(Beginning of Data records)
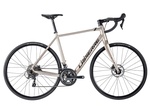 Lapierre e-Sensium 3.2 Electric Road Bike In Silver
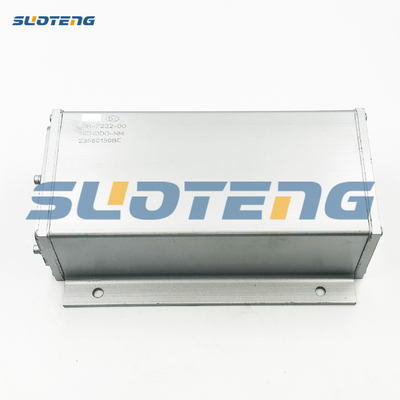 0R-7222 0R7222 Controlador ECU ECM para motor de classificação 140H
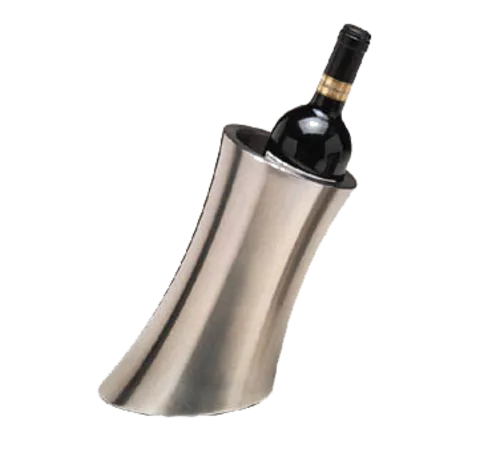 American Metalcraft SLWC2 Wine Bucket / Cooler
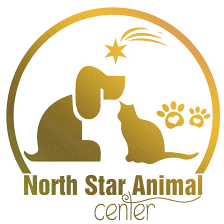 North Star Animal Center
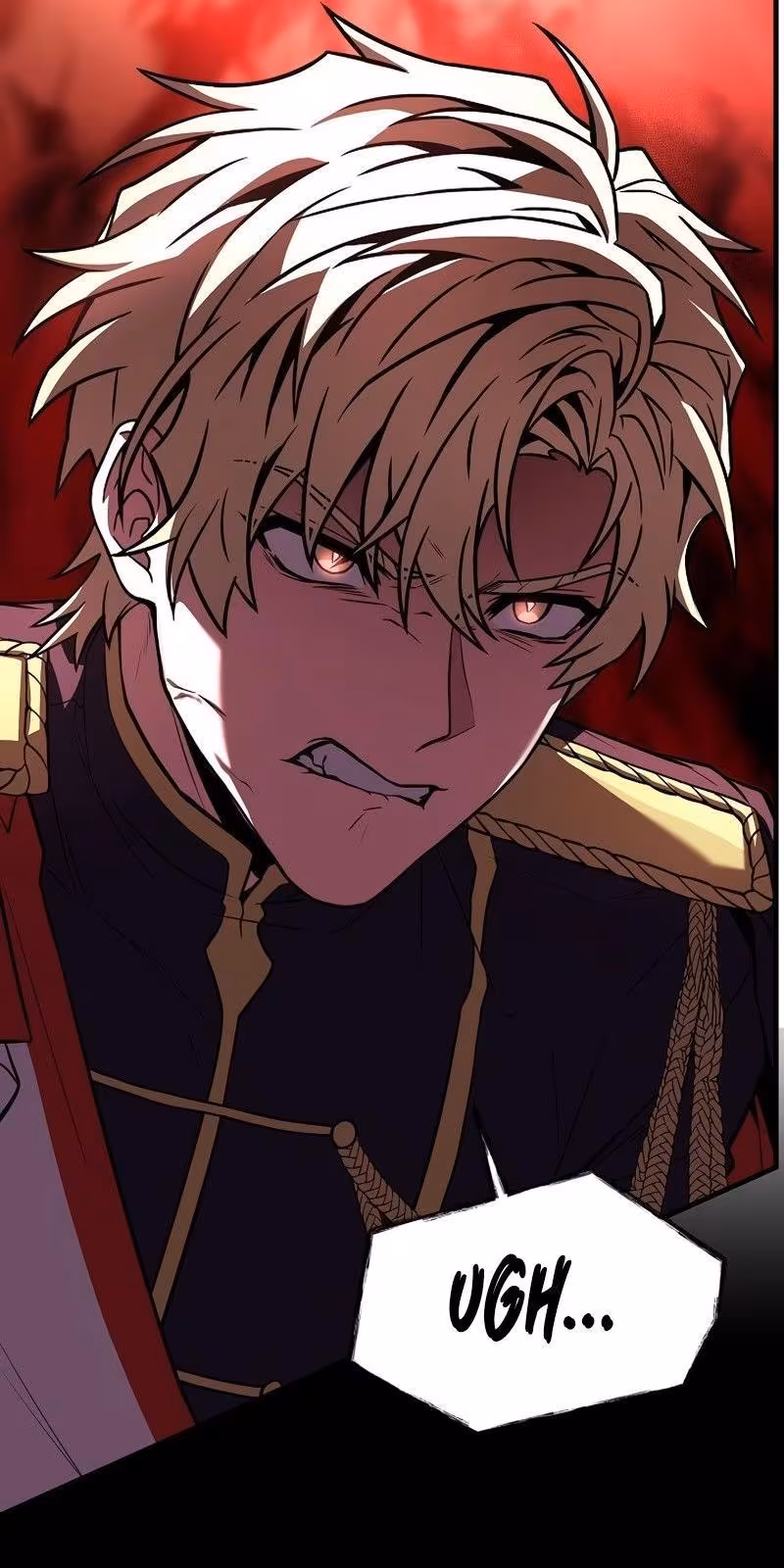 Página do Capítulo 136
(End of Data records)
**Work order**
All entries need to be duplicated exactly, apart from the images.

**Exercise result**
 Lapierre e-Sensium 3.2 Electric Road Bike In Silver
 0R-7222 0R7222 Controlador ECU ECM para motor de classificação 140H
 American Metalcraft SLWC2 Wine Bucket / Cooler
 North Star Animal Center
 Página do Capítulo 136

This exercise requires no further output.